Die Eurokrise, alles eine Frage der Wettbewerbsfähigkeit?
Was ist die Ursache der Eurokrise? In einem kurzen Statement versuche ich mich einer Möglichkeit zu nähern. Wenn man den Zusammenschluss der EWG als erste Stufe betrachte, die Einführung des Euros als zweite Stufe, dann hätte man vor 10 Jahren den Versuch zur dritten Stufe unternehmen müssen, bei der gesichert wird, dass alle Regionen eine ähnliche Wettbewerbsfähigkeit aufweisen. Dies wurde nicht unternommen.

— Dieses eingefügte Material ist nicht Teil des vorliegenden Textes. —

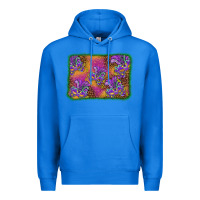 True Royal mardi gras mask background Premium Hoodie - BarkalooDesign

Seit der Einführung des Euros 1999 gibt es zwischen den teilnehmenden Ländern keine Wechselkurse mehr. Der grosse Vorteil für alle ex- und importierenden Firmen sowie Touristen und Reisende ist, dass das Wechselkursrisiko in Form von Ab- und Aufwertungen seitdem der Vergangenheit angehört. Auf der anderen Seite haben genau diese Wechselkursänderungen in jener Vergangenheit oft dafür gesorgt, dass Länder, die stärkere Lohn- und Preissteigerungen als ihre Handelspartner aufwiesen, die Wettbewerbsfähigkeit zurückgewinnen konnten.
Wenn man den Zusammenschluss der EWG als erste Stufe betrachte, die Einführung des Euros als zweite Stufe, dann hätte man vor 10 Jahren den Versuch zur dritten Stufe unternehmen müssen, bei der gesichert wird, dass alle Regionen eine ähnliche Wettbewerbsfähigkeit aufweisen. Dies wurde nicht unternommen, obwohl Volkswirte wie Dr. Heiner Flassbeck (den ich persönlich kennenlernen durfte) darauf hingewiesen haben.
Das Problem liegt im Wettbewerbsungleichgewicht
Laut Herrn Dr. Flassbeck (Gespräch vom 22.10.2012) liegt das Problem nicht in erster Linie in der fehlenden Fiskalpolitik oder einer Überschuldung, sondern in einer fehlgeleiteten Lohnpolitik. Ausgehend von Deutschland, welches mit der Agenda 2010 ihren Gürtel enger geschnallt hat und gleichzeitig stetig steigenden Löhnen in Südeuropa, kam es zu einem enormen Wettbewerbsungleichgewicht. Deutschland ist zu billig, Südeuropa ist zu teuer. Nur wenn wir uns das eingestehen, kann der Euro langfristig gelingen.
Problematisch finde ich die Schlussfolgerung vieler deutscher Politiker. Griechenland und Co müssen auf Löhne verzichten, um Wettbewerbsfähigkeit zu gewinnen und zerstören damit ihren Binnenmarkt. Deutschland dagegen, welches unter seinen Verhältnissen lebt und im Vergleich zu seiner Aussenwirtschaft einen schwachen Binnenmarkt hat, erhöht seine Löhne nicht übermässig. Dieses wäre in einer Union die bessere Alternative.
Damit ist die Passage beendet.